Sherman also stresses that fascination with bears can be just as dangerous as fear. "People who are loving the bears a little too much are also part of the problem," he said. Animals experienced in interactions with humans often end up in conflict with them, and once that happens, outcomes can turn fatal.

"It would help if the fluffy news features about bears on TV also carried a simple PSA," he said. "Something like: "Reduce attractants and also set healthy boundaries with bears through hazing efforts.'"
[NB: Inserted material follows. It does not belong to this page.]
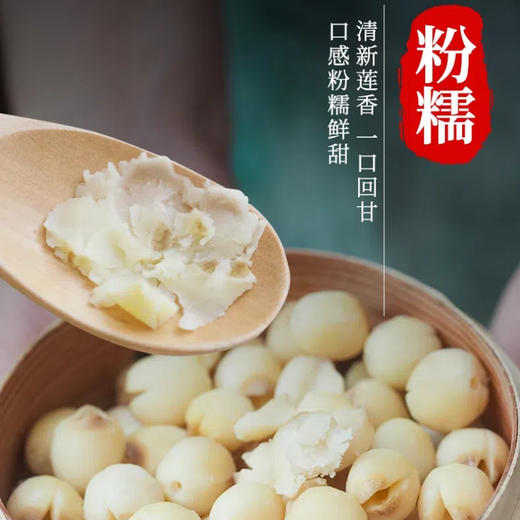 广昌特产【莲花姐姐】鲜莲子 粉糯易煮 液氮锁鲜 冷链冰鲜到家 商品图2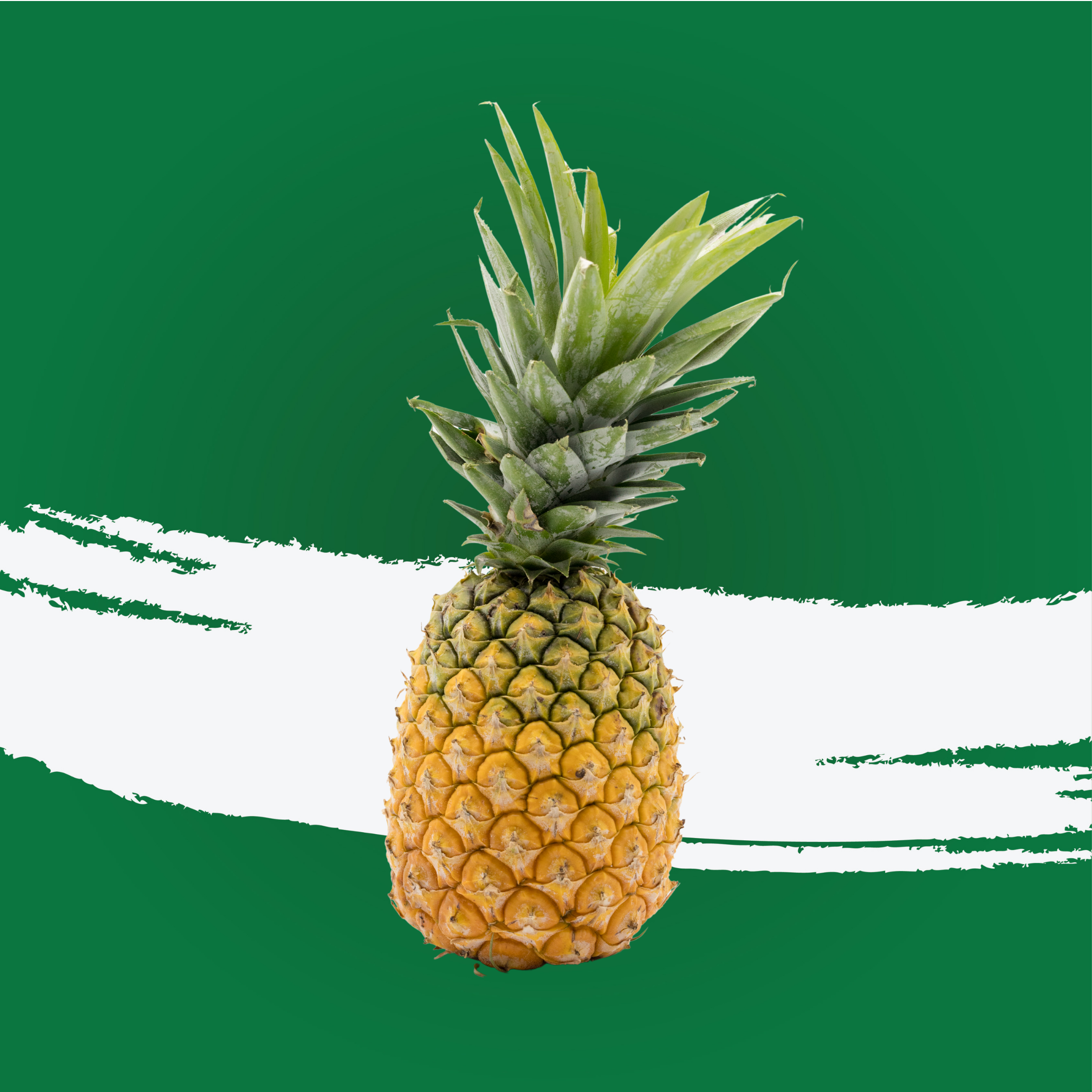 Pineapple India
In practice, these efforts can encompass everything from incorporating bear-lock trash cans in mountain communities, keeping doors and windows secured, using air horns or other loud noises to discourage a bear lingering near a home, or even urging residents to install electric doormats ("unwelcome mats") if bears take too much of a liking to a property.

A rapidly expanding range

All of these prevention strategies can help keep bears and people safely apart -- but they're only one part of the equation. Even as communities reduce attractants and set firmer boundaries, bears continue to move into new areas, often far beyond the places they historically occupied.

For instance, the construction of the Wallis Annenberg Wildlife Crossing -- soon to be the largest corridor of its kind in the world -- will expand connectivity between wild spaces, increasing the likelihood of more bears entering the Santa Monica Mountains, says Sherman.

This, of course, is happening even without the crossing being officially open for business. Just take BB14, an up-and-coming Southern California bear celebrity who was relocated from Claremont to the Los Angeles forest before making her way to Topanga Canyon, where she welcomed three cubs in the spring. The 175-pound female has even popped up on the Pepperdine University campus.

"That's a set of communities that, at this point, are totally unprepared for that," said Sherman. "Connectivity is only the first step. We also need to be equipping communities, waste management companies, local governments and state wildlife agencies with the resources and information they need to foster coexistence."

For Sherman, who is a National Science Foundation research fellow, this calling reflects his own desired career trajectory.

"What's cool about working in urban ecology is the opportunity to reconceptualize landscapes one might not consider traditional wildlife habitat, like cities and suburbs," Sherman said.

He emphasized that although wildlife requires continuous habitat, cities already function as part of that landscape. Coexistence, he explained, depends on making urban spaces more compatible with wildlife and ensuring that communities along the urban-wildlife interface have the support, information and tools needed to set safe, effective boundaries.

Sherman notes that this interdisciplinary approach to research is exactly what UCLA is uniquely positioned to support.

"I wouldn't be equipped to study interactions between humans and wildlife in this region using training from a traditional Ph.D. program focused on a single discipline, like ecology. The interdisciplinary training I am receiving in IOES allows me to approach the subject using tools from the social and natural sciences."

As black bears venture farther into Southern California, Sherman hopes local communities -- including UCLA Bruins -- will be ready. Coexistence, he believes, begins with understanding the animals that now share our space.